The Course That Rewrote What Florida Golf Could Be
Bowling Green, Florida · Par 72 · 7,148 yards · Resort (overnight guests only)
The land does not look like Florida. That is the first thing anyone says about Streamsong Red, and it remains true no matter how many times the observation is repeated. The course sits on reclaimed phosphate mining land in Polk County, roughly 80 miles from Tampa, in a stretch of central Florida that most travellers drive past without slowing down. Decades of mining left behind sand ridges, deep depressions, and exposed mineral terrain that resembles Scottish linksland more than anything typically found south of Georgia. Tom Doak recognized the potential immediately.

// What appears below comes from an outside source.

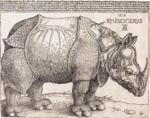 The Rhinoceros karya Albrecht Dürer tahun 1515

Doak, whose Renaissance Golf Design firm had already produced Pacific Dunes in Oregon and Cape Kidnappers in New Zealand, arrived at Streamsong with two 18-hole routings to produce alongside the Blue course. The Red was his more aggressive statement. It uses the mining terrain's natural elevation changes to create a sequence of holes that constantly shift perspective, rising to exposed ridgelines where the wind is a genuine factor and dropping into sheltered corridors where the challenge turns to precision around the greens.

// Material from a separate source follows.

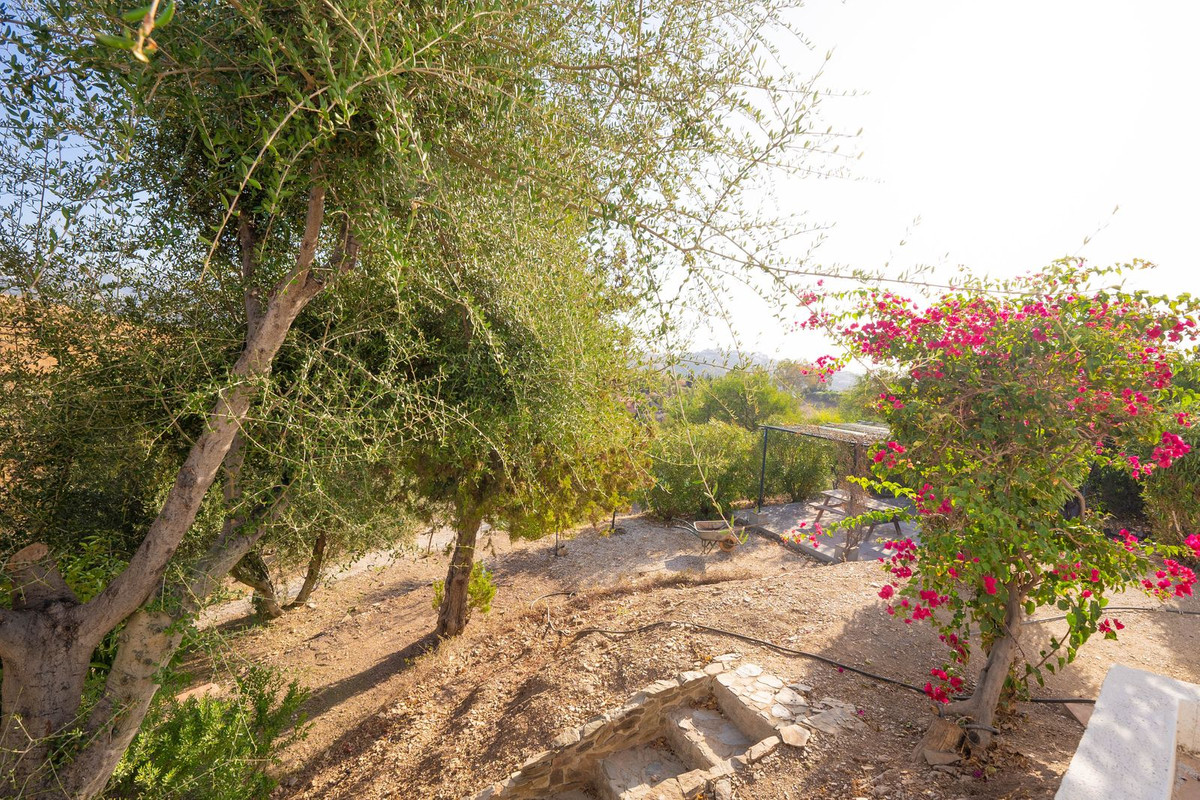 Property main view 55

The dunes here are not manufactured. They are the remnants of the mining operation, shaped and grassed but fundamentally the product of machinery rather than bulldozers hired by a golf architect. That distinction matters. The landforms have an irregularity and scale that designed features rarely achieve, and Doak was wise enough to route through them rather than reshape them. The result is a course where the terrain feels discovered rather than constructed.
Several holes deserve specific attention. The 7th is a short par 4 with a punchbowl green that gathers approach shots from a wide arc of angles, rewarding creativity off the tee. The 12th plays as a long par 3 across a valley to a green perched on an elevated shelf, with nothing behind it but sky. The 16th, a reachable par 5, presents a genuine risk-reward decision where the second shot must carry a deep waste area to reach the green in two.

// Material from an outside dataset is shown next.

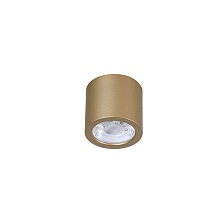 Потолочный светодиодный светильник Favourite Deorsum 2807-1C 1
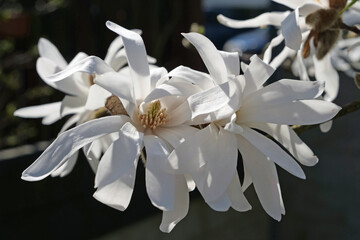 Fototapeta premium Close-up of a group of beautiful white blossoms of a star magnolia / magnolia stellata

The greens throughout are Doak's signature: large, subtly contoured, and more complex than they appear on first read. Pin positions can transform a straightforward approach into a demanding one, and the firmness of the playing surfaces means that ground game options are not just available but often preferable. This is not a course that rewards a one-dimensional aerial attack.
The conditioning deserves mention. Streamsong maintains all three of its championship courses to a standard that competes with the best resort operations in the country. The fairways are firm without being brick-hard, the bunkers are consistent, and the greens roll true at speeds that reward confident putting. The native areas between holes are managed rather than manicured, preserving the wild character of the landscape while ensuring that a ball just off line is findable if not always recoverable.
Walking is encouraged, and the resort provides caddies who know the course's subtleties well. The terrain is manageable on foot, and walking reveals details that a cart obscures. The caddie's read on the greens is particularly valuable here, as the contours play tricks on eyes accustomed to flatter putting surfaces. The walk itself is part of the experience. Moving through the mining terrain on foot, feeling the elevation shifts in the legs, seeing the landforms from ground level rather than from a cart path, connects the golfer to the landscape in a way that deepens the appreciation for what Doak accomplished here.
Streamsong Red consistently appears in Golf Digest's Second 100 Greatest rankings, a position that reflects both the quality of the design and the relative youth of the course. It opened in 2012 alongside the Blue, and the two courses established Streamsong as a serious golf destination virtually overnight. The Red is the more visually dramatic of the pair, the course that photographs better and produces the more immediate emotional response. Whether it is the better design is a conversation that Streamsong guests have been having for over a decade, typically over drinks at the resort's lakeside fire pits.
Peak-season green fees run from $350 to $395 between November and April, dropping to $225 to $275 during the warmer months from May through October. Tee times are available only to overnight guests, which means a visit requires a stay at the resort. This is not a hardship. Streamsong Resort is a 228-room property designed specifically around the golf experience, and the integration of the courses, accommodation, and dining creates a trip that functions as a complete package rather than a series of disconnected elements.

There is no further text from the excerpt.